The surgery usually takes one-and-a-half hours and costs between RM30,000 and RM40,000, he said.
Dr Gandhi added that women were more at risk for ACL reconstruction surgery, while those involved in certain sports such as football have a higher tendency for the condition, and it is more common among younger people and those who had previous ACL injury.
Early symptoms of ACL injury, he said, included swelling, pain, locking, difficult weight bearing and inability to continue playing for athletes.
Late symptoms, he added, include knee instability (giving way), meniscal tears, locking and stiffness.
On diagnosing ACL injury, he said, it would involve checking the patient’s history, physical examination and radiological investigations (X-ray, ultrasound and MRI or magnetic resonance imaging).
“MRI also indicates whether other specialised tissues in the knee are torn, if there is a fracture or other ligaments are torn.
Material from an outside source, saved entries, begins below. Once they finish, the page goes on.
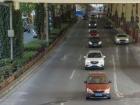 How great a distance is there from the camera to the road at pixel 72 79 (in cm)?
3653

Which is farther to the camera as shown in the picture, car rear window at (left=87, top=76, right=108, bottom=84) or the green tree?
the green tree

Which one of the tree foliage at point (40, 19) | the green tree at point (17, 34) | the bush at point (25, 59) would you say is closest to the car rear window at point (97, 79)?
the bush at point (25, 59)

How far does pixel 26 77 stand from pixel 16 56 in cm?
794

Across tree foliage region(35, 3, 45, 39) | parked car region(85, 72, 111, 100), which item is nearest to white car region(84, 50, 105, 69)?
parked car region(85, 72, 111, 100)

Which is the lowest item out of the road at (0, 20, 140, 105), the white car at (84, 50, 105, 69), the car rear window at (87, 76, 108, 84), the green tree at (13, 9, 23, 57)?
Answer: the road at (0, 20, 140, 105)

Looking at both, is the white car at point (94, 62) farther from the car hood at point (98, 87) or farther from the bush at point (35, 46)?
the car hood at point (98, 87)

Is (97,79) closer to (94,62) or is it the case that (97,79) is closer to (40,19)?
(94,62)

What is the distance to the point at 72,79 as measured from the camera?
47.7m

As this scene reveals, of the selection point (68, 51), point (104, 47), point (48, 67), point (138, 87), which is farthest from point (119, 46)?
point (138, 87)

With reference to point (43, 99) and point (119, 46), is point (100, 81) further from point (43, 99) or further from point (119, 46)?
point (119, 46)

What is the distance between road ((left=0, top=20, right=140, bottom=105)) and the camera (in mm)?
36531

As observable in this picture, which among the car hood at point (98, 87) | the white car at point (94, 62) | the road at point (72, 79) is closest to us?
the car hood at point (98, 87)

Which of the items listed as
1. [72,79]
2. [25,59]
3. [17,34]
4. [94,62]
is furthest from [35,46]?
[72,79]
It gives a good idea of the extent of injury in the knee.
“We also use knee arthroscopy to confirm the ACL tear and in the same surgery, we can reconstruct ACL, ” he explained.
Citing reports, he shared that there was a 85% success rate for ACL reconstruction surgery.
Dr Gandhi said the surgery could be performed using the patient’s own tissue (autograft), which is considered superior compared to donor tissue (allograft).
He added that there were different reconstruction options, including using the patient’s hamstring tendon (hamstring muscles are the group of muscles at the back of your thigh), patellar tendon (the structure at the front of your knee that connects the kneecap to the shin bone) and quadriceps tendon (large tendon just above the kneecap) for the ACL surgery.
“I reserve the use of allograft (donor) tissue for complex, multiligament surgery cases where multiple ligaments are torn around the knee and occasionally, in revision cases.
“Patients who have had ACL surgery done previously may not have sufficient tissue from their own body so, in those cases, I may choose to use donor tissue, ” he said.
Dr Gandhi added that allograft tissue was specially processed in designated laboratories around the world to make sure it was safe for use in surgeries.
In Malaysia, Dr Gandhi said tissue banks were available in Universiti Malaya and Universiti Sains Malaysia.
“If unavailable, we may import donor tissue from special laboratories abroad, ” he added.
The audience also took part in a question-and-answer session with both speakers after the talk.
Retired corporate secretary Chin Fah Yew said she found the talk very informative and that the presentations were very “light, practical and easy to understand.”
Quantity surveyor MK Yeong, said the talk was good and provided useful tips.
“The speakers have delivered the information in a fun way.”
The first 100 attendees also received a free foot assessment to analyse whether they have conditions that affect their ability to walk.